Royals players are Kansas City residents for the summer only, says team spokesman Dave Holtzman.
So don't think of our pro ballplayers as slackers. They just don't live here.
The high-priced law firm of Bryan Cave has earned millions in fees by pushing paperwork in the redevelopment of downtown Kansas City. But big legal bills can't keep a firm from losing a case over something as simple as missing a deadline.
The case was an eminent-domain lawsuit filed by the Tax Increment Finance Commission, a city agency that had sought to seize a pay-to-park lot at the southwest corner of 12th Street and Broadway.
The City Council had authorized a redevelopment plan for the parking lot's neighborhood on September 2, 1999, and awarded the contract to developer DST Realty. The plan was to put a five-story office building on the site. Under state law, seized property must be acquired within five years of a development plan's adoption. Bryan Cave filed a condemnation petition on behalf of the TIF Commission on September 13, 2004 11 days late.
Last month, the Missouri Supreme Court ruled that the TIF Commission had no right to the land because five years had passed. "They just waited too long to even try to take it," says Rhonda Smiley, the attorney for the parking lot's owner, 78-year-old California rancher Theodora Carpenter.
Bryan Cave partner Steve Mauer tells the Pitch that the TIF Commission tried to strike a deal with the owners of the lot. "They just wouldn't talk about it," he says.
The parking lot debacle is not the first time that the TIF Commission has had its wrists slapped when trying to seize land. Last year, a Jackson County judge would not allow the agency to condemn Gigi's Wigs because the store wasn't in an official redevelopment plan.
Bryan Cave billed the city $43,373 in the failed attempt to take the wig shop. The TIF Commission has paid the firm more than $105,000 since November 2004 to acquire the parking lot.
As for the office building DST Realty proposed, the worth of such a project seems questionable. Nearly 20 percent of downtown office space was vacant at year's end.
Of course, an idea doesn't have to make sense for the lawyers to get paid.
Puking: It's Patriotic
It's no secret that reporters like free crap. So when Worlds of Fun invited the media last Thursday for a gratis ride on its new roller coaster, more than 100 press hounds flooded the place. Scribes from Lawrence to Jefferson City showed up.
The reporters shamelessly took their free rides, scored free crystal paperweights and cotton candy. Joining them on the coaster were some off-duty Kansas City cops who had joined the media circus. Officer Jim Frank of traffic enforcement had taken the day off and showed up as soon as the gates opened at 5:30 a.m. He rode with friend Sgt. Joe McHale, of Central Patrol's SWAT team.

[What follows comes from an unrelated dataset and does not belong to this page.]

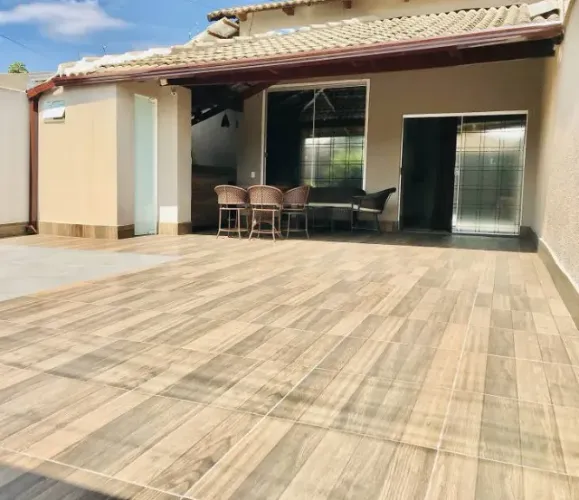 Casa com 3 Quartos e 3 banheiros à Venda, 112 m²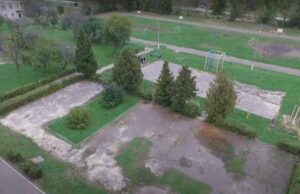 Занедбані шкільні спортмайданчики Нововолинська показали з висоти пташиного польоту Занедбані шкільні спортмайданчики Нововолинська показали з висоти пташиного польоту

At the end of the press conference, Frank walked through turnstiles and down the plank to the coaster. He admitted, "This is my 30th time."
After the heart-pounding, stomach-wrenching trip, McHale looked calm and ready for another go. He and Frank stayed seated as the next group piled on the coaster. "That's a stress reliever," McHale said, who was dressed in his SWAT gear so that he could go straight to work later in the afternoon. Now that's an environment of real adrenaline.
After the ride, it was off to lunch for the two officers. They filled up on beans, potato salad, coleslaw and barbecue. After stuffing their bellies full of the saucy delight, the officers said they weren't ready to leave.
Finally, the press smelled something real to cover: the possibility that two thrill-seeking officers might lose their lunch while the cameras rolled. That's American spirit. Unfortunately for the media horde, the two officers kept from barfing.